WHAT THE TASK REQUIRES:
Starting at the line below with "Two from one, two" and stopping at the line with "Need computer training", please print each line exactly, those two included, and skip every picture.

PROVIDED RECORDS:
= = =

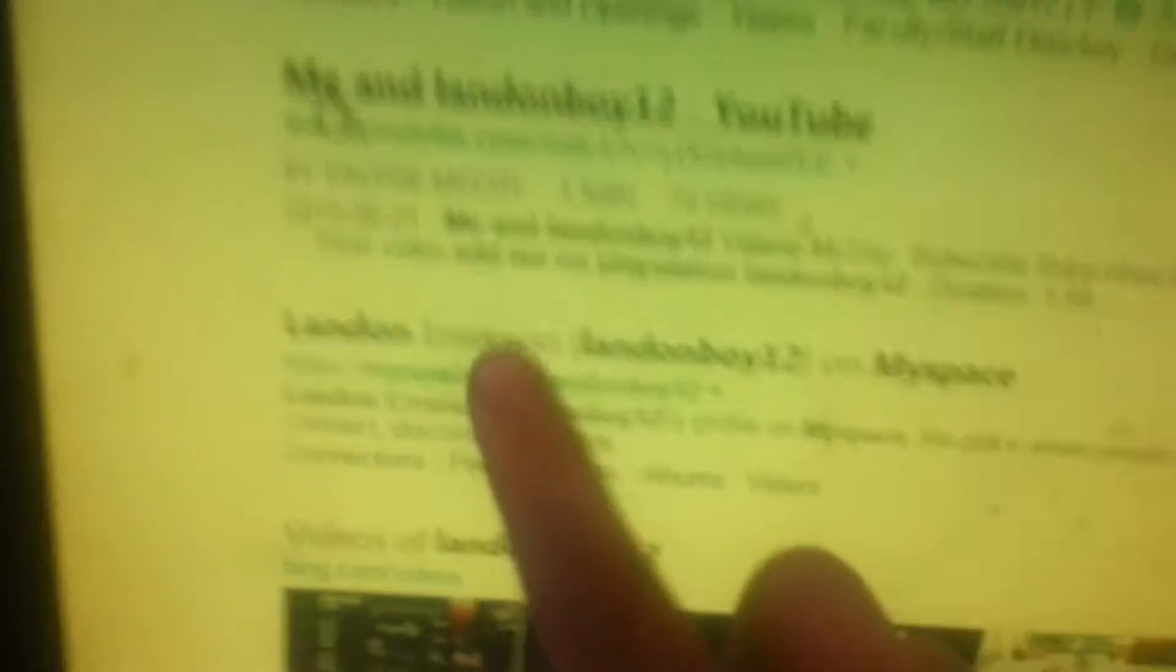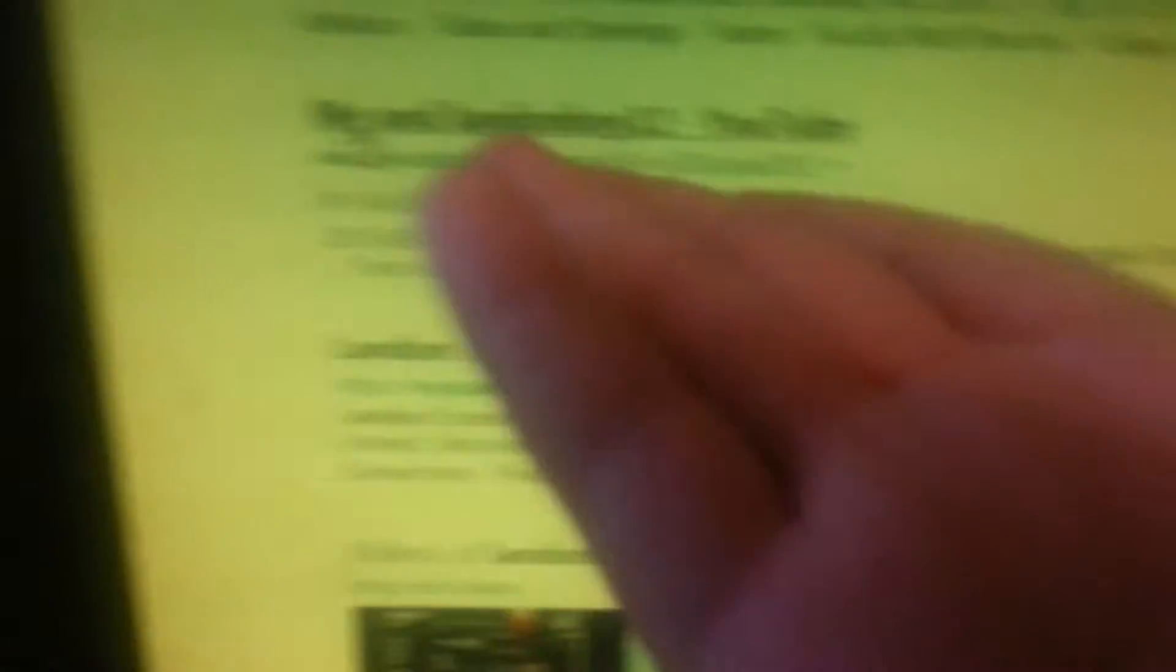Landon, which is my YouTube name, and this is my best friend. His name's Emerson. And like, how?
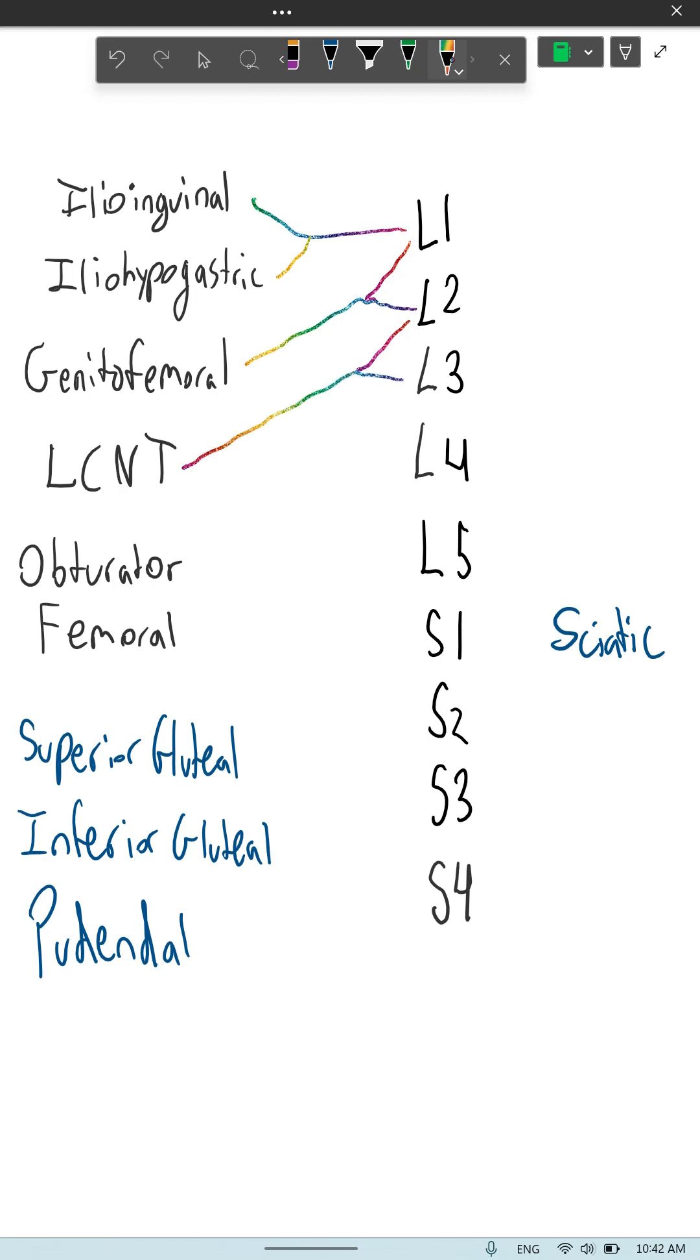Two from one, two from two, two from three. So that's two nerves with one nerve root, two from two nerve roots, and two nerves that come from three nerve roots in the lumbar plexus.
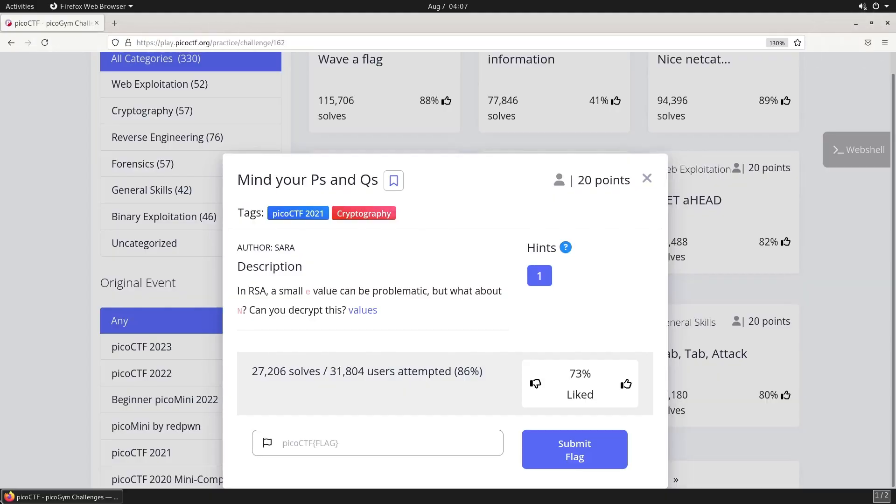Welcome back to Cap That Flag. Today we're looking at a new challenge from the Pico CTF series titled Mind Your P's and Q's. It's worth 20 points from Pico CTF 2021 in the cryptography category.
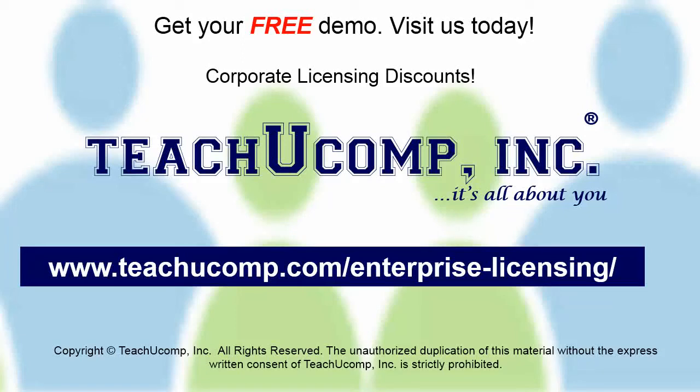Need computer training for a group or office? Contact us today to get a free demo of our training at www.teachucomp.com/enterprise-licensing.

= = =

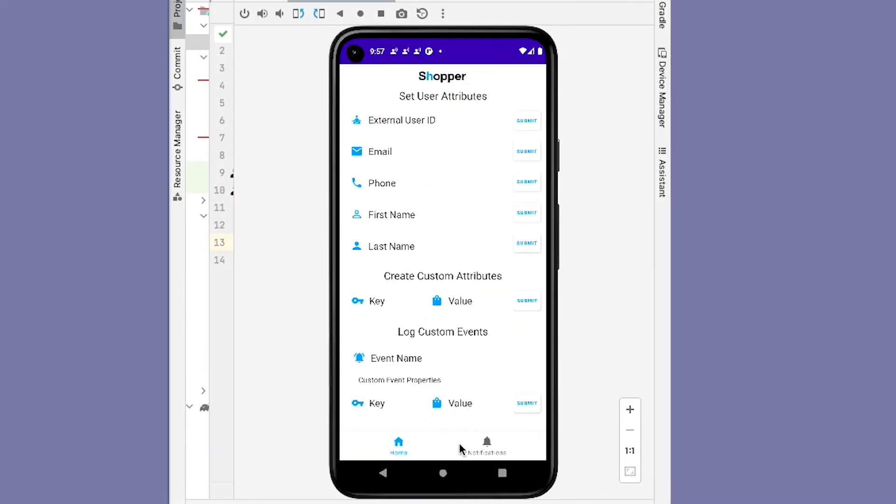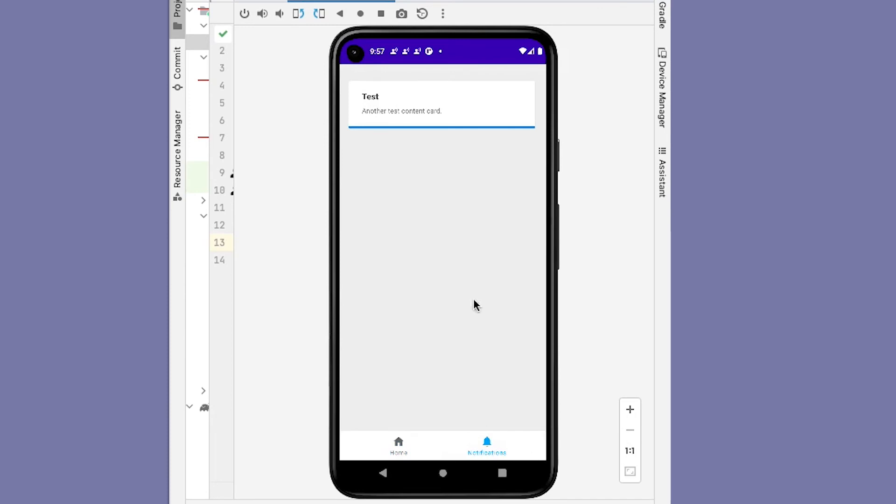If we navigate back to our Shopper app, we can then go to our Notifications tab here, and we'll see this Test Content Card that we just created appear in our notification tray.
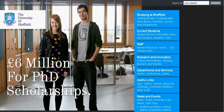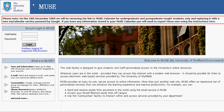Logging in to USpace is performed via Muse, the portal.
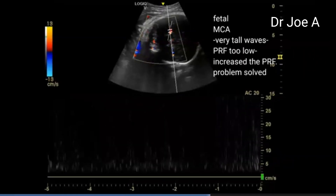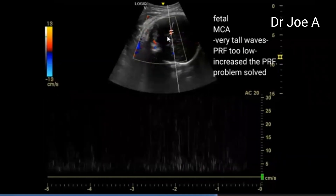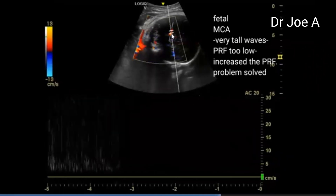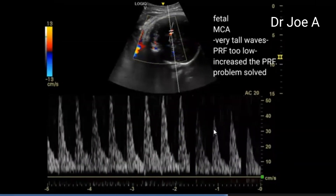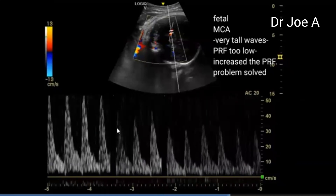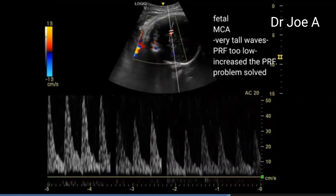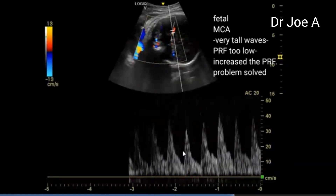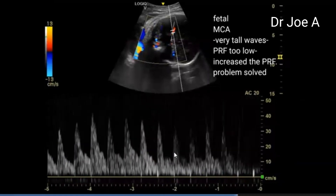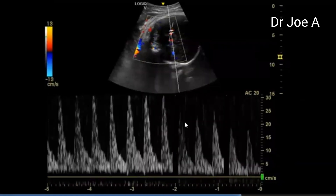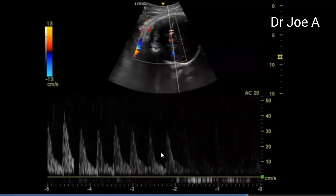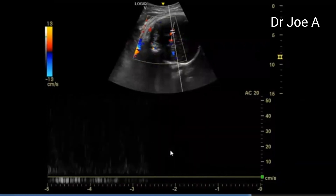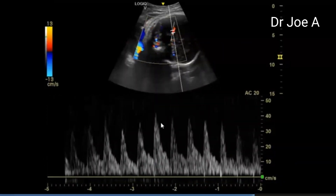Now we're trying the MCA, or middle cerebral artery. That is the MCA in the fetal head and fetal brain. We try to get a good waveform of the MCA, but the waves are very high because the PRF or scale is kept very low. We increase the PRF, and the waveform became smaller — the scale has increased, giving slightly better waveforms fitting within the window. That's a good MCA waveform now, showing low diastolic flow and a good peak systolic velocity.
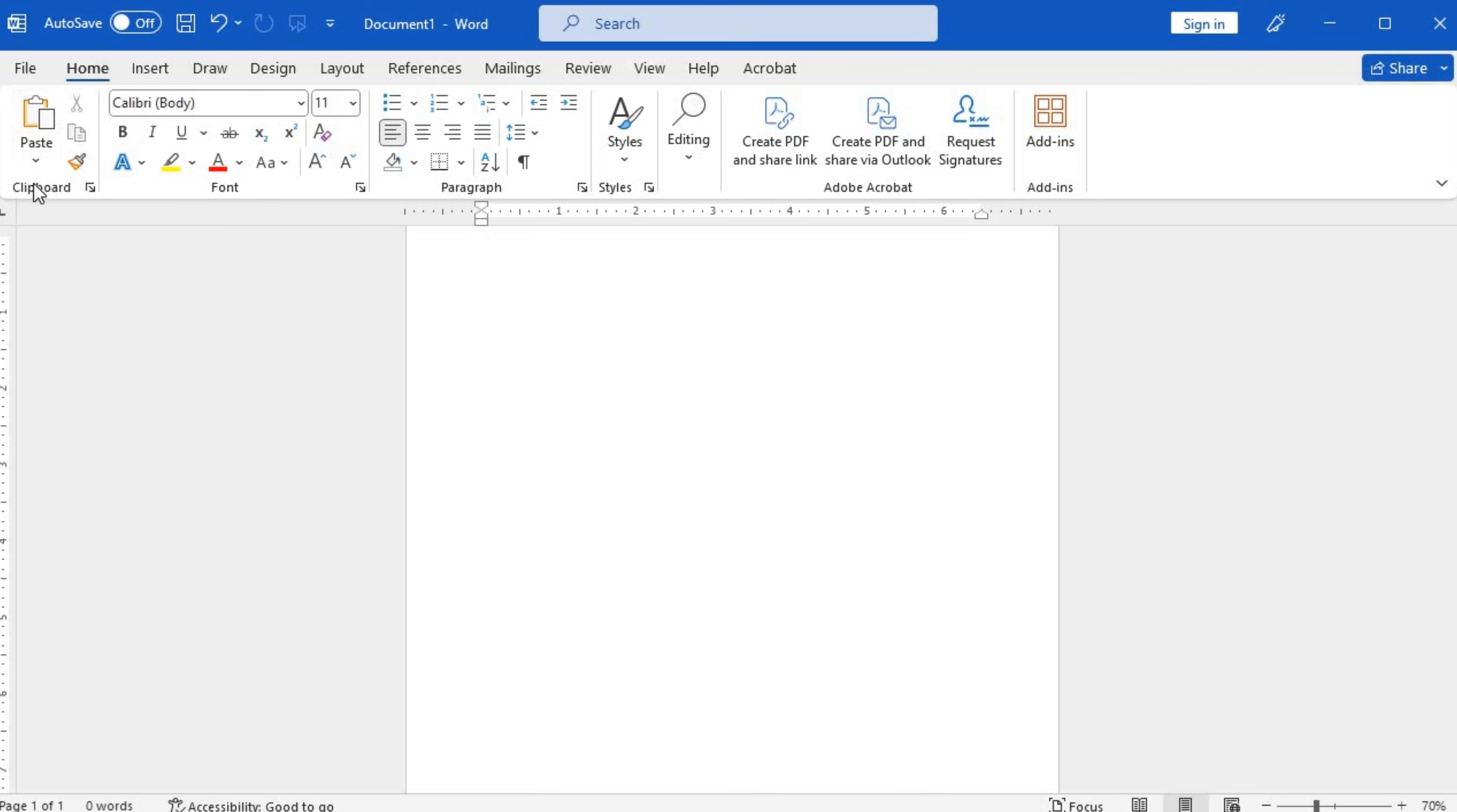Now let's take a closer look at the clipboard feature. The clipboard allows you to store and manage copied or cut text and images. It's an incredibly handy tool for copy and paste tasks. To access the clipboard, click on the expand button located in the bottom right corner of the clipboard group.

= = =

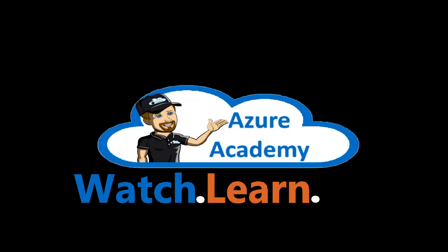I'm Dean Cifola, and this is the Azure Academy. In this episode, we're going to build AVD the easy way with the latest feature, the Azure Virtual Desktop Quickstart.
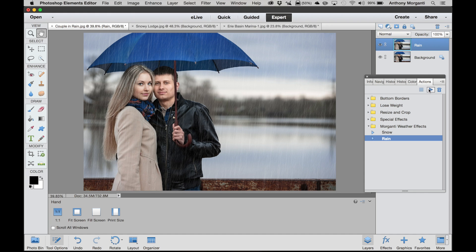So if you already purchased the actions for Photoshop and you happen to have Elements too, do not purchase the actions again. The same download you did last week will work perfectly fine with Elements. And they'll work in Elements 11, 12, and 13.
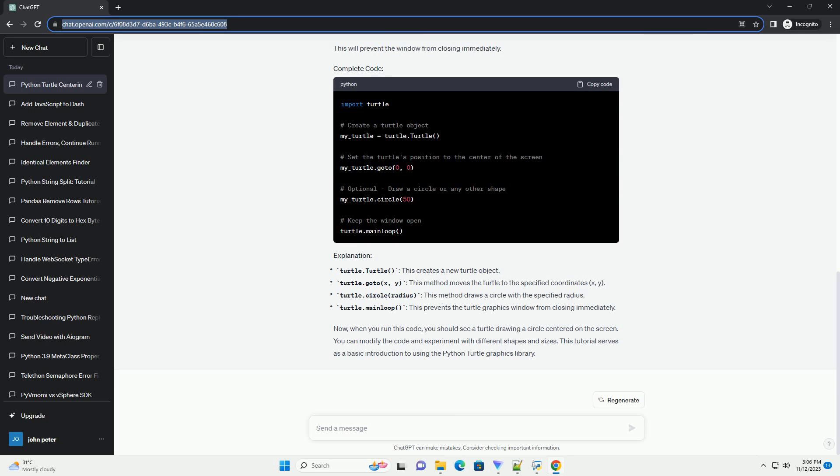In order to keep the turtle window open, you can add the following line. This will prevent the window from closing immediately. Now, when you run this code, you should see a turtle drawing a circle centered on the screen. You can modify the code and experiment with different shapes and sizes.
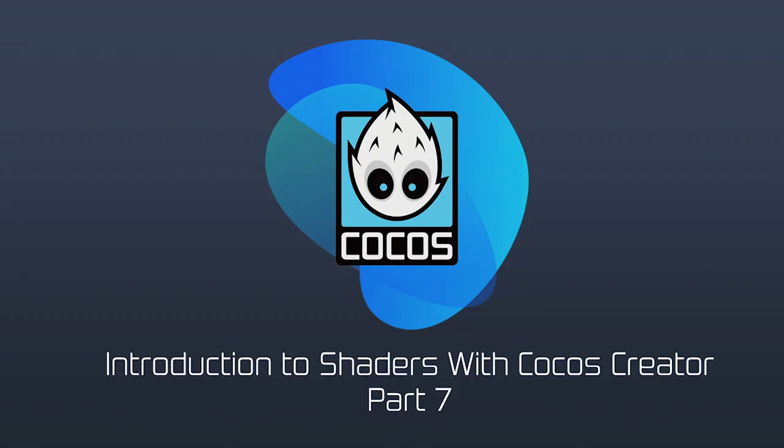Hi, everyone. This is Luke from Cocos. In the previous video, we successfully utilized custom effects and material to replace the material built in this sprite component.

= = =

ANSWER BOX:
Two from one, two from two, two from three. So that's two nerves with one nerve root, two from two nerve roots, and two nerves that come from three nerve roots in the lumbar plexus.
Welcome back to Cap That Flag. Today we're looking at a new challenge from the Pico CTF series titled Mind Your P's and Q's. It's worth 20 points from Pico CTF 2021 in the cryptography category.
Need computer training for a group or office? Contact us today to get a free demo of our training at www.teachucomp.com/enterprise-licensing.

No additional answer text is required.